Once they decided to stay together, Franklin and Eleanor tried to mend the cracks in their marriage. Yet the deceit ate away at Eleanor, literally—she developed a form of anorexia. She also lost a good deal of the hard-won confidence she had worked for over the years. Still, she was ready to turn around her life. One defining moment came when she attended the funeral of Grandmother Hall at Tivoli in 1919. During the service, Eleanor pondered her grandmother’s unhappy, unfulfilled existence. After being widowed, Mary Hall had done little with her life but try—unsuccessfully—to cope with her children. What a waste. Eleanor came away with one conclusion: “Life was meant to be lived.” And lived to the fullest on one’s own terms.
Franklin, Sara, Eleanor, and the five Roosevelt children in 1920
Eleanor set about making changes. For her own interest, she took typing and business classes. And she began taking charge of her household, to Sara’s annoyance. In 1919, Eleanor dismissed all the white servants Sara had hired over the years and replaced them with black staff. Years later she wrote that perhaps it was “the Southern blood of my ancestors [who had owned slaves], but ever since I had been in Washington, I had enjoyed my contact with such colored people as came to work for me. I never regretted the change which I made when I completely staffed my house with colored servants.” This statement showed a naïveté about race relations, generally and personally.
Despite her previous interest in the plights of immigrants, Eleanor paid virtually no attention to the difficulties of African Americans, who faced prejudice every day. It would be almost two decades before she came to this understanding, despite her awareness of the great turmoil in the black community.
In 1919, while Franklin was serving as assistant secretary of the navy, terrible race riots rocked Washington, D.C. African American soldiers who thought fighting in World War I would open job opportunities or somehow decrease prejudice came home to even more segregation. As one historian put it, “The benefits of the war to make the world safe for democracy was restricted to whites.”
The Ku Klux Klan was active, and not just in the South. Racial tensions spiked. In most cases, whites attacked blacks, and blacks fought back in more than thirty cities across the country during that hot summer. Washington, D.C., was one of them. Eleanor, who was at Campobello with the children, was worried about Franklin’s safety, as her letters show: “No words from you and I’m getting anxious because of the riots. Do be careful not to be hit by stray bullets.” The next day she added, “Still no letter or telegram from you and I’m worried to death.”
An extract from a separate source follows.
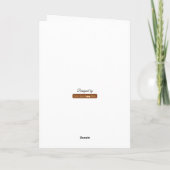 ハッピーバースデーパーソナライズされたドイツ語グリーティングカード カード (裏面)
Eleanor’s and Franklin’s concern in their continuous correspondence was for his personal safety. They didn’t mention the riots in Washington, D.C., that left fifteen people, both white and black, dead, and many, many more injured. Nor did they discuss why the riot in Washington, D.C., was only one of dozens of race altercations across the United States that year. These riots and the lack of protection from law enforcement galvanized the African American community, and a new civil rights movement was born, though Eleanor and Franklin seemed oblivious to it.
Through much of Eleanor Roosevelt’s adulthood, a thread emerged. She began to care for repressed communities when she came to know their members as individuals. As a young woman, she had casually made anti-Semitic comments; prejudice against Jews was common in her social circle. Her feelings changed when she made close friends who were Jewish. In 1919, she didn’t know any African Americans except as servants. She may have felt sympathy for those who had been killed or wounded, as a general matter, but she had little interest in the root causes of black anger.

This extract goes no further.